Чтобы убить время, слушаем радио или перекинемся в картишки, в "очко" в основном. Так вот Хесслер, что возит доктора Шмельца, с нами никогда не играет. И не треплется, и не пьет, и не играет в карты. Помешался на книжонках по эксплуатации всех мыслимых марок автомобилей. Вечно их читает и перечитывает, да еще иногда технические журналы.
Оно-то и для нас неплохо. Если у кого из наших проблемы с машиной, Гансик всегда поможет - нет такого, что он бы не мог исправить. Знает все. Но такого друга мне и даром не надо".
* * *
Инспектор Михельсдорф вернулся в управление раньше своего шефа и без определенной цели стал копаться в картотеке. Картотека - эта была шедевром криминальной науки. Ее задумал, пробил и воплотил в жизнь начальник полиции нравов комиссар Кребс. Все возможные преступления, совершенные против нравственности, были наиточнейше описаны и при помощи особой системы распределены по тридцати основным группам. Место и род преступления, побои, удушение, попытка убийства, была ли жертва объектом преследования и домогательств и тому подобное. Были там описаны и классифицированы такие признаки, как внешность и голос преступника, часто употребляемые выражения, возможные дефекты речи и даже тон обращения к жертве. Дальше - вид ранений, причиненных жертве, - голова, грудь, живот, бедра, половые органы. И все в мельчайших деталях.

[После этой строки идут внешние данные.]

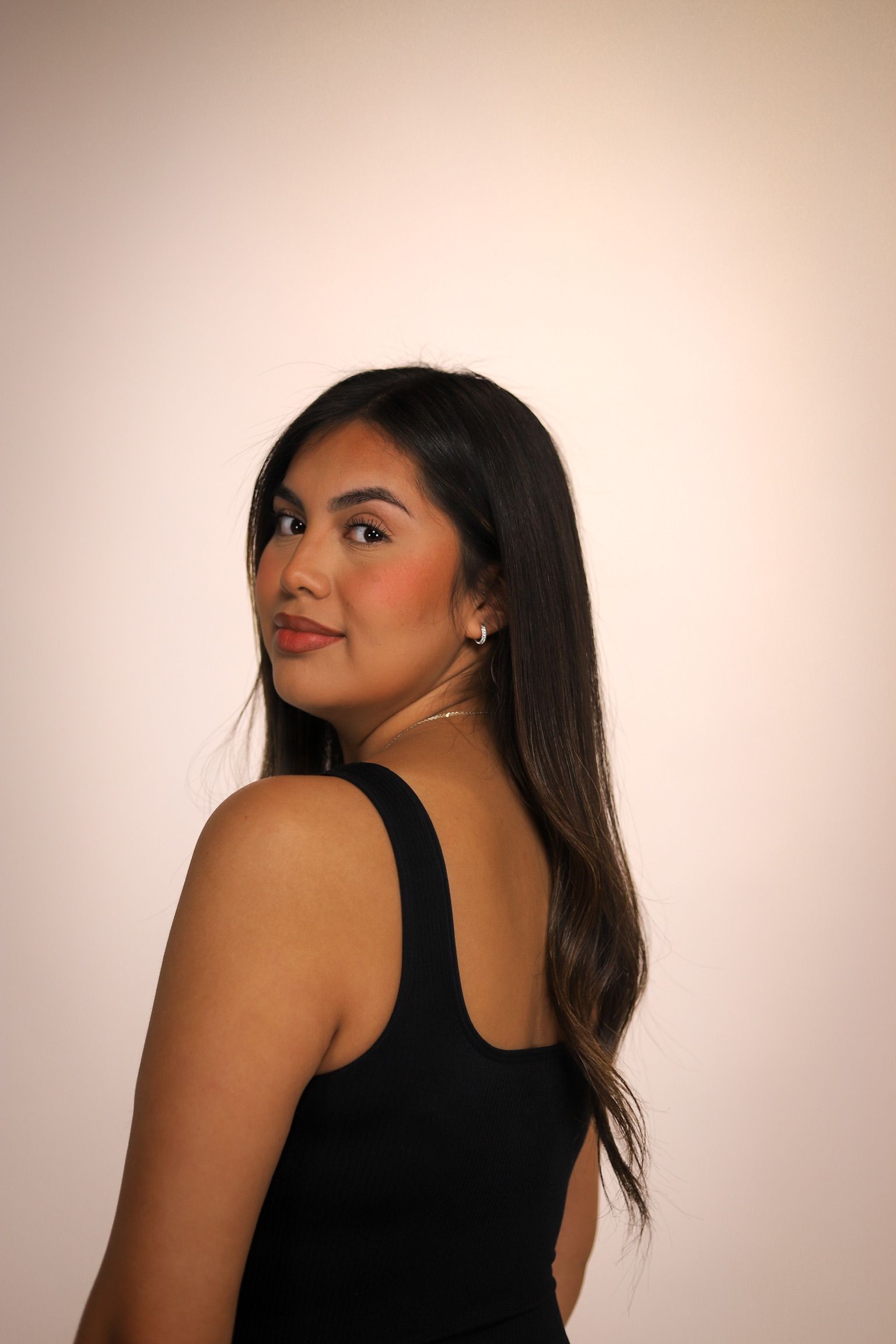 Person's face being waxed. Gloved hands holding a strip on the upper lip. Eyes closed.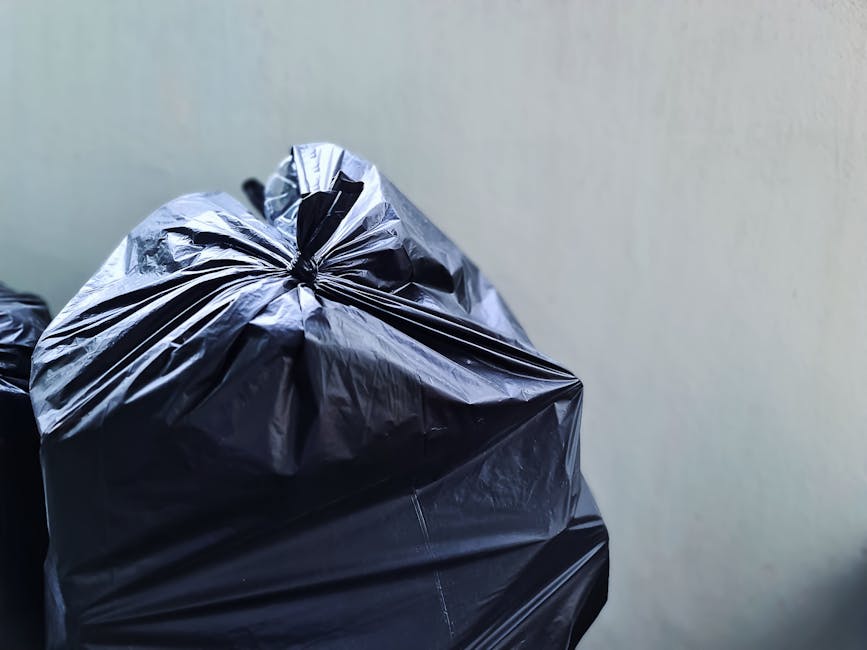 Close-up of a black rubbish bag made of shiny, crinkled plastic material, tied at the top with visible folds and creases, positioned in the foreground against a plain, light-colored wall. Additional rubbish bags are partially visible behind it, forming a stack or collection of waste waiting for collection or disposal. The scene appears to be on a driveway or pavement area, emphasizing the context of private waste handling and alternative waste collection services. Natural lighting highlights the reflective surface of the plastic bags, and the setting is neutral and professional, aligning with rubbish removal and waste disposal activities managed by waste disposal companies like Waste Disposals South Kensington.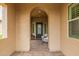 Charming front porch with seating, stone archway, and a stylish front door at 3400 S Whetstone Pl, Chandler, AZ 85286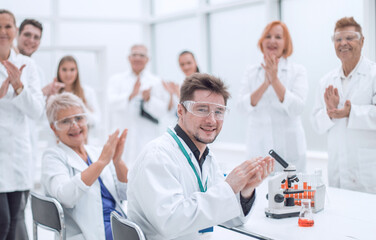 group of young scientists congratulating their colleague with applause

- Отличная штука, - с уважением заметил Михельсдорф, когда вошел Кребс. - Я люблю с ней работать, и обычно это помогает. Полагаю, поможет и по делу Хелен Фоглер.
- Полагаете, вы что-то нашли?
- Я нашел два случая, имеющих много общего с нападением на Малингерштрассе. Это дела о трупе на газохранилище и трупе на стадионе. Они схожи по выбору места преступления - отдаленный район, глухая улица без движения транспорта, малонаселенная. Далее, во всех случаях у преступника большой и тяжелый автомобиль, который один из свидетелей определил как "представительский". И наконец, сам способ нападения. Преступник всегда выбрасывал жертву из машины, преследовал и забивал до смерти.
- Видите ли, дорогой коллега, - осторожно заметил Кребс, - хотя это и любопытно, но, боюсь, недостаточно. Только три фактора из бесконечного множества, сопровождающих каждое преступление. Чтобы продвинуться дальше и добыть доказательства, пригодные для суда, нам нужно гораздо больше.
- Но на этот раз жертва пережила нападение, способна рассказывать и может навести на след преступника. Разрешите мне этим заняться?
- Я вам дам добрый совет. Действуйте исключительно осторожно, ничего не пропустите, но и ничего не форсируйте, - сказал Кребс, не глядя на подчиненного, немало удивленного этим.
- Но я могу допросить эту Фоглер?
- Это, пожалуйста, оставьте мне, - решил Кребс.